So this is our starting point of the study of the Gita, this is the spirit in which we are going to study. And now, we come to the real beginning, but the real study of the Gita is prefaced by three important propositions, because there are three most important elements in the Gita: the Teacher, Sri Krishna himself; Arjuna, the Pupil; and the occasion, the battle of Kurukshetra. And all the three have symbolic meanings and significance, and also the significance of their actuality. The actuality of the situation is to be measured by the fact that the Bhagavad-Gita is a part of a great battle, and it is directly related to our life because we ourselves are in a battle. Not many people realise the force of the battle in which we are gripped today, but whether we like it or not, we are in a battle, and that is why wherever you turn, there are a series of problems. We resolve one problem and another faces us, and so on. Why is it that we are living in a world with this pressure on problems one after the other? And we do not know how to deal with these series of problems. It is almost like Abhimanyu going into the seven circles: you pass one, you come to the second; you come to the second, you go to the third; and even if you read the savants you do not know how to return. Such is the present situation and that is why the significance of the Gita for us. Why is the Gita so near to us?
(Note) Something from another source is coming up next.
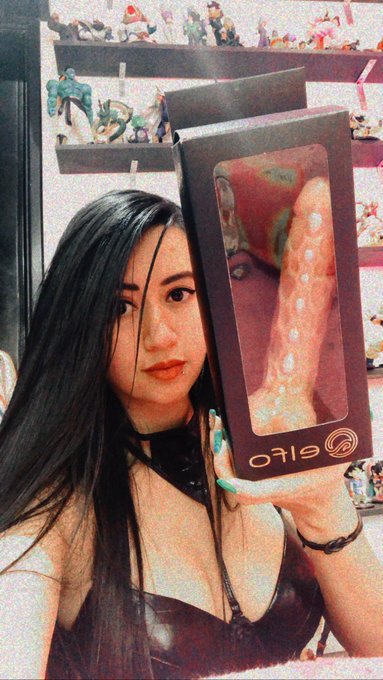 Watch pilar martinez 🩺🔞's leaked NSFW photo on TwXstars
Because the Gita is not written as a book, like the Upanishads or the Veda, which are the tranquillity of your hours of life you can turn to, meditate and contemplate. Here you do not even have the time to contemplate; you are in the midst of the battle. Arjuna was given no time at all to face the problem and to find the solution to the problem, something like what we are obliged to do in our life. So the occasion, the actuality, in which the Gita is fixed, is presented, is a very dynamic reality, and the problem that has been raised in the Gita is not an ordinary problem. As Sri Aurobindo says, no such great book like the Gita could have been written if it was to solve an ordinary problem. It is only because this problem is one of the knottiest problems that a great teaching burst out to solve it. So this occasion, however, has two important figures involved in it.

Historically we might say there is a warrior and a charioteer, a warrior who was convinced that the problems that are faced by him, by his family, by his clan, by his nation, by the country, by the people, could be resolved only if he fought out a war. He was convinced of this. And it is with that conviction that Arjuna, the great warrior, enters into the battlefield and with a heavy and proud head, he asks his charioteer, Sri Krishna, to place him at a point where he can see all the armies which were arranged in the battle and with whom he has to fight and to slay. And Krishna is the advisor, inspirer but a charioteer in a sense the closest to the warrior, even physically; nobody can be so close to a warrior unless he becomes his charioteer. Happily such a relationship was obtained.
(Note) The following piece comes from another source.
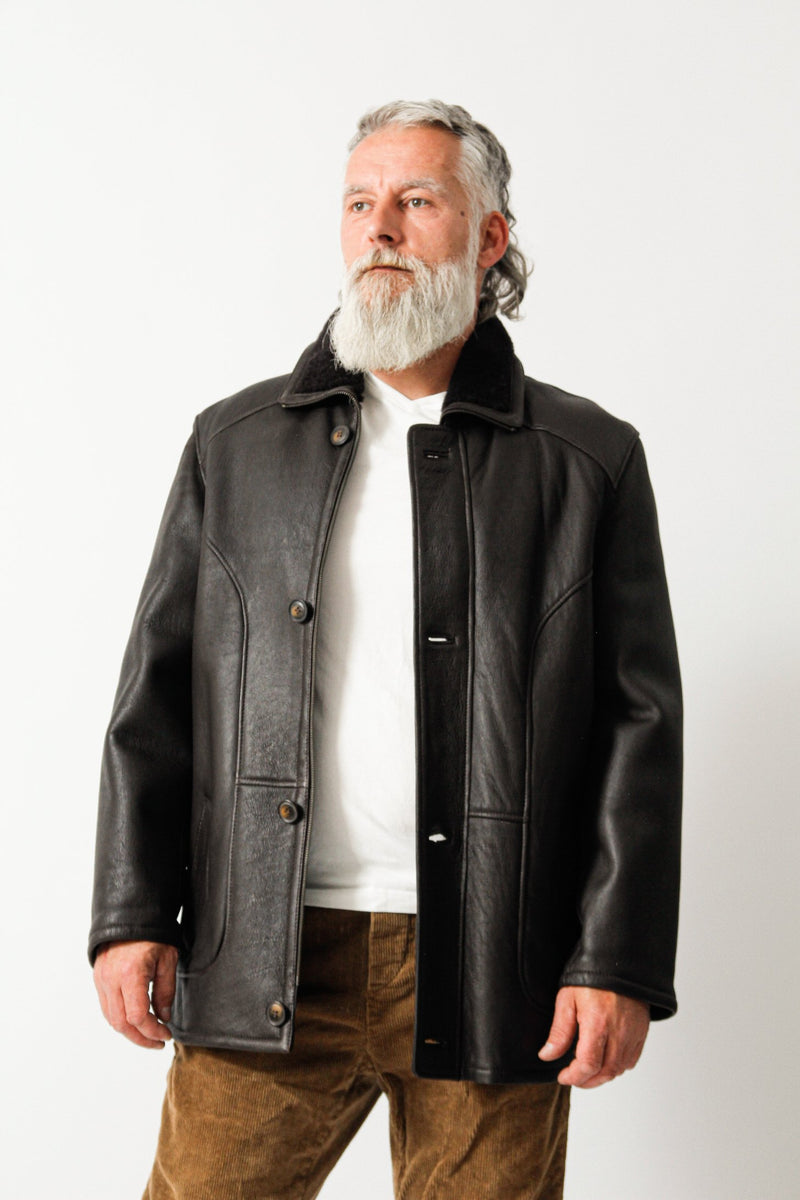 Echte Halblange Herren Winter Lammfelljacke  in nappalan braun gefärbt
Now there are many questions which have been raised and as Sri Aurobindo says, we shall not deal with those questions because they are not of great significance to us. One question was: did Mahabharata take place at all? Is it simply a dramatic fiction written by some author or by several authors? And did it actually take place? And on this so much has been written that if we enter into that field our main purpose in reading the Gita will be lost. And we need not deal with it because even if such a war did not take place, even if you take it as a dramatic fiction, what is important is 'what the Gita teaches'. On the occasion that it paints, even if it may be an imaginary painting, the important point is whether such a problem that Arjuna faced would not realistically face anybody in the world? And if that is sure to be true, it is enough for us that there, such a problem did arise even to an imaginary character like Arjuna, and that this problem was dealt with with a great force of knowledge and power, even though an imagination. But if that knowledge and power are really verifiable, 'experienceable', and if it is really going to help us, then even if it is a dramatic fiction, it does not matter at all. Why should we waste our time in discussing whether it did happen or not? Not that that problem is of no importance, but we are not concerned with it, we are not turning to the Gita for that purpose. That is we. As Sri Aurobindo says, our demand and need from the Gita is not from that point of view, it is a historical discussion which is always good, you can have a hundred scholars put up and see the Bhagavad-Gita, see the archaeological excavations and so on, you can make lots of enquiries about it, compare one history with the history of another country, and so on. Fine! But that is not our purpose.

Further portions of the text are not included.